OK, maybe. But this kind of shift might be reminiscent of broadcasters abandoning the core strategy because of one bad book.
Second, Netflix is undertaking this radical strategic pivot without the benefit of research. And Hastings tossed out a rationale that should make every programmer and strategist quake in their Crocs:
“I don't think we have a lot of doubt that (the ad model) works,” mentioning Hulu and HBO Max as proof. That is, he knows how his audience will react to the new plan.
In essence he's saying he knows his brand well. The last thing you'd want to do with a bold new plan is run it by the audience.
Hastings went on to explain Netflix won't do any research on better fine-tuning this new model. In fact, he's concerned survey research might end up putting the kibosh on this concept:
“I'm sure we'll just get in and figure it out – as opposed to test it and maybe do it or not do it.”
Third – and perhaps most important – is that once those commercial floodgates open, the spot load inevitably escalates.
Every radio programmer has been there. What starts out as just a unit or two is usually just the beginning.
Eventually, another bad quarter happens. And once the precedent has been set, it's just matter of time before more units start sneaking onto the log.
Even at Netflix.
Fourth and finally is the reality that despite all the billions spent on content, Netflix has no coherent Gen Z strategy. That seems counterintuitive because great content is, after all, great content.
But a Reuters story about Netflix affirms the notion teens have different tastes when it comes to video. They cite the latest Deloitte “Digital Media Trends” survey release last month.
One of its key findings? Gen Z (14-25 year-olds) would much rather spend their screen time playing games than watching movies or TV shows and series. In fact, they prefer gaming to music.
Radio programmers in the U.S., in particular, have learned just how slippery the slope can be when you mortgage your brand's future on hitting adult ratings goals, rather than investing in the next generation of consumers.

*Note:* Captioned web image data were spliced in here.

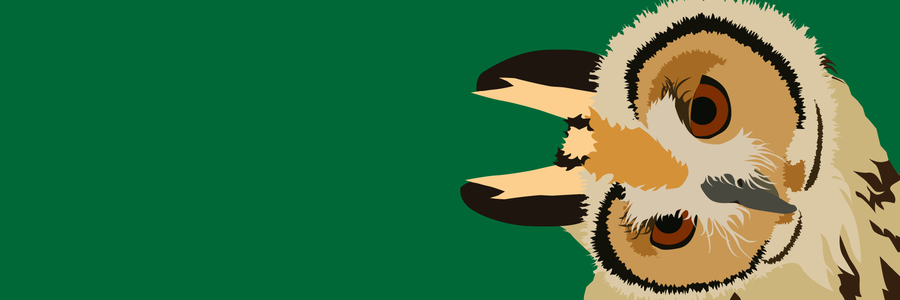 Kelsey Barrick banner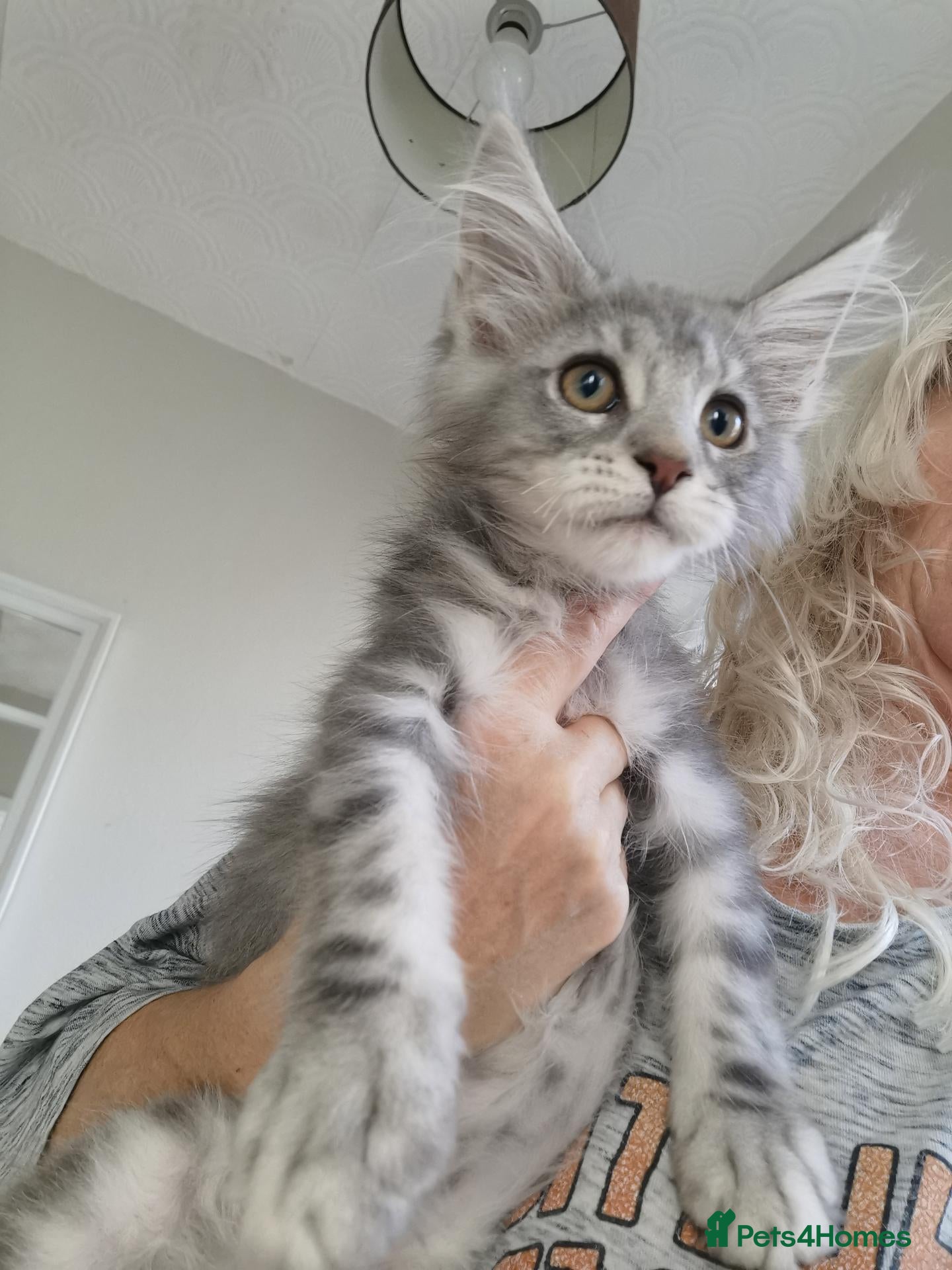 Maine Coon cats Pedigree Maine Coon kittens available for sale  - Advert 1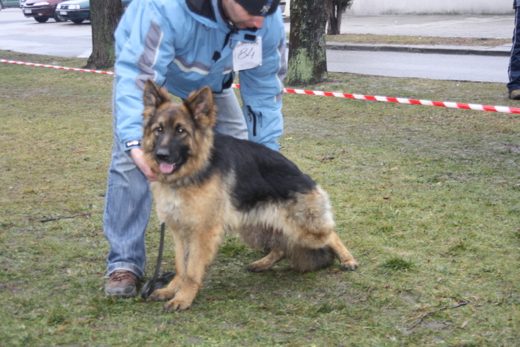Jarosław — 2013 — zdjęcie 4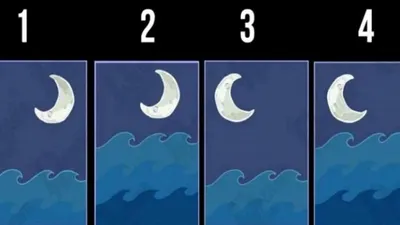 Tes Kepribadian (Dok: Namastest)
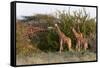 Masai Giraffe (Giraffa Camelopardalis), Samburu National Reserve, Kenya, East Africa, Africa-Sergio Pitamitz-Framed Stretched Canvas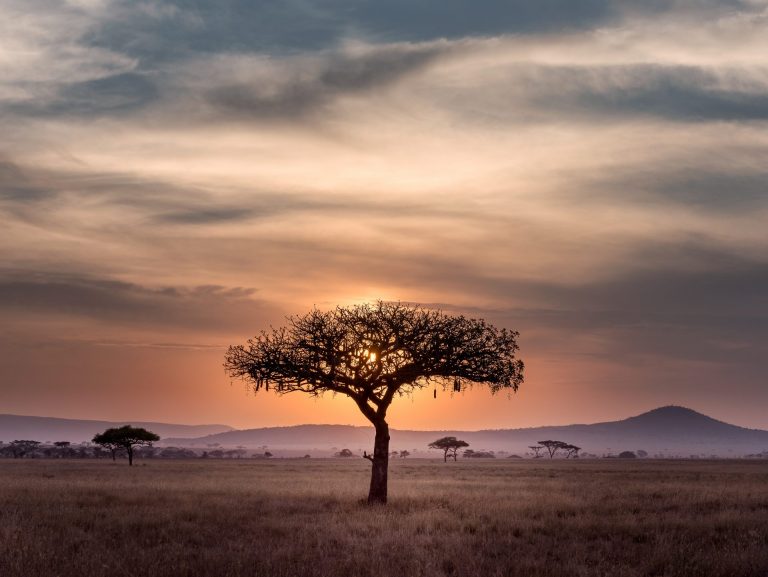 Serengeti National Park, African Safari, By Art in Voyage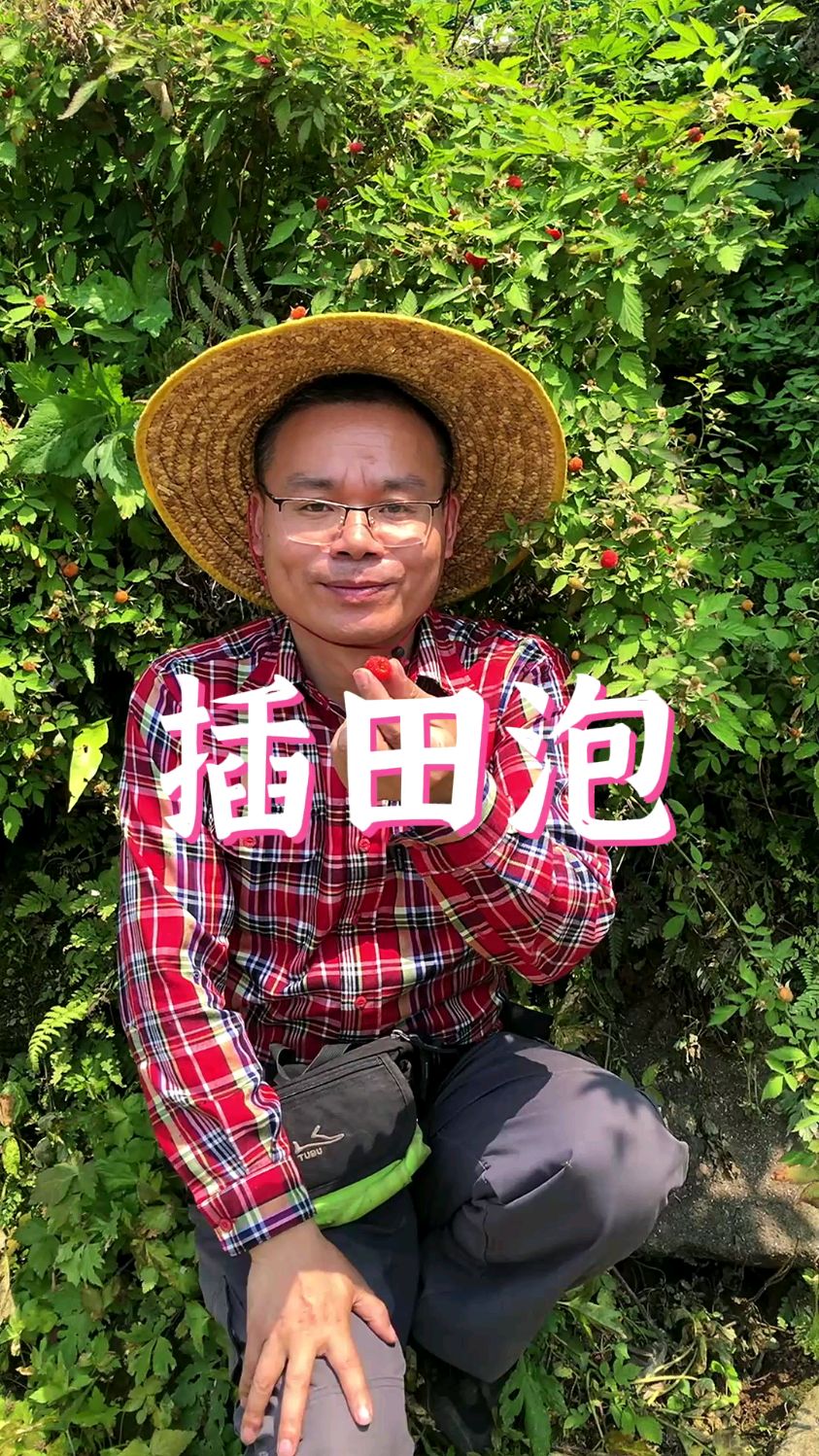 插田泡又叫山莓,插秧季节的美味野果,和它外形相似的果子还有很多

Radio's lack of a Gen Z strategy has already hampered the industry's growth outlook. How can you remain viable 5, 10 or more years from now when you turn your back on what will soon become the biggest generation of American consumers?
For Netflix, the lack of a Gen Z strategy will hamper the brand's ability to keep those quarterly growth numbers competitive. Yes, a slippery slope indeed.
Wall Street will be watching Netflix over the next few quarters to determine whether these “fixes” actually end up bearing fruit – or new subscribers.
I have a feeling many of us radio people will be, too.